Now it's about the business outcomes. Are my users happy? Are we converting? If we're not converting, why aren't we? It's the high fidelity view into the health and function of the application, no matter how complex it is.
Van Siclen finds he can often identify a prospect for the Dynatrace solution simply based on the customer experience he encounters as a consumer. Five years ago, he was buying a product at a major US retailer and the credit card terminal had gone down. As the sales associate took care of swiping the card manually, she confided that these problems had been going on for a couple weeks. He immediately called up the Dynatrace sales rep for that account and told him it was time to close the deal:
I said, 'Now's the time to stop talking and sell them some software and take care of them because it's one of my favorite places to buy shoes and clothes and they can't even check me out.'
There are three scenarios where Dynatrace typically sells its APM offerings, he says.
The first is for use in an operations war room, for monitoring performance and reacting to issues as they arise. The AI element plays an important role here in simplifying the task and surfacing issues, he says:
We want to show people that there's another way to imagine the IT of the future, where you're not putting a team of people looking at glass screens all day, looking for red, yellow, green, and then trying to mobilize teams of people. You actually can have a virtual assistant buried in that's smarter, quicker, faster, and knows more than any group of humans and can change the way IT management actually works.
DevOps and business
The second is in a DevOps environment, where teams are monitoring the deployment of new code and any issues that arise. Here, Dynatrace can run synthetic tests to check the performance of code prior to deployment, as well as monitoring performance once it's live in production. Says Van Siclen:
We've had a number of customers go from four releases a year to hundreds or thousands of releases a year.

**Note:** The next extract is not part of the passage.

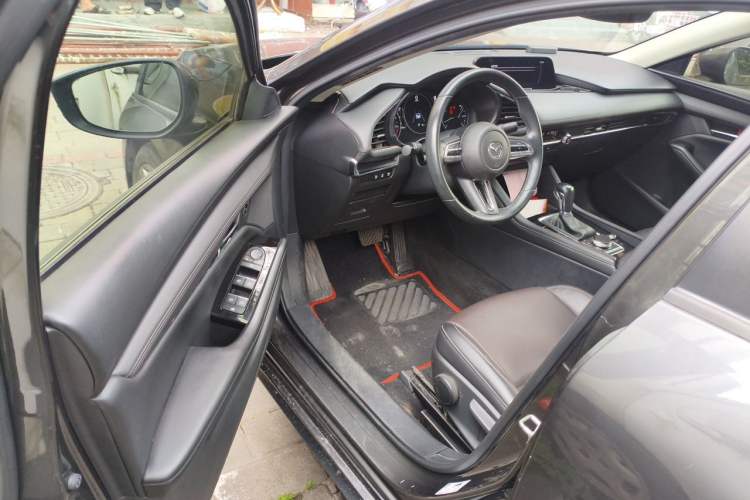 Used Mazda 3 Axela 2020 2.0L Automatic Zhiya Edition Driver Seat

What we see now is that a lot of the senior people have figured out, if I'm going to be serious about digital transformation, I better have a fabric in place that allows me to do DevOps better, actually have visibility and manage my apps better, and then also give me business outcome-based views so I can prioritize better.
The final scenario is where business executives are monitoring revenue, conversion rates and other business metrics. That's what will drive the most take-up, he believes:
Those are the three scenarios. We figure that the business one is the one that will probably capture the exec's attention the fastest and actually be what drives adoption wider.

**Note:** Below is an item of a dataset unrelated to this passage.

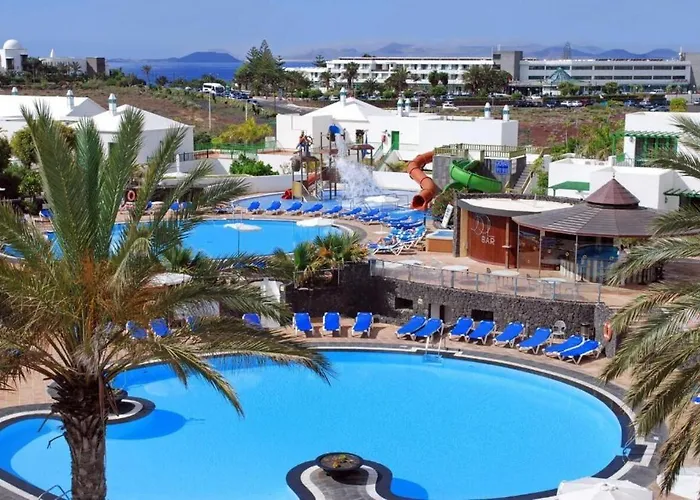 Playa Blanca (Lanzarote) hotels near Playa Blanca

Increasingly, too, enterprises are starting to move ahead with transformation projects where workloads are moving into the cloud environment. Performance monitoring is becoming crucial to the success of those projects.
We see our customers say 'Okay, we're going to shift everything up to the cloud in the next 18 months.' I think it clicked and the organization said, 'Well, this has to happen now. We can't wait anymore, so do it.'
It's not like APM comes as a bolt on after the fact. It has to be embedded into those migration projects because it's so critical for them to ensure that, okay, I'm on-prem with customers. My response time, if I measure it, is okay. What's going to happen when I'm going to move 1,000 applications in the cloud? Has anybody thought about, is my user response time going to be the same or better as it was before?
As you embark on these transformation projects, you need to make sure this is in place.
Those projects are happening across many industries, he adds — banking and insurance, retail, hospitality, airlines and many others. Typically, they embrace new mobile and cloud applications alongside older on-premise applications, and APM has to monitor all of them to ensure the required business outcomes are being delivered.
Dynatrace has a slightly different pedigree from its main rivals, which may give it a useful edge in a fast-expanding market. We'll be talking to some Dynatrace customers over the next month or two to find out more about its approach and how it works in practice.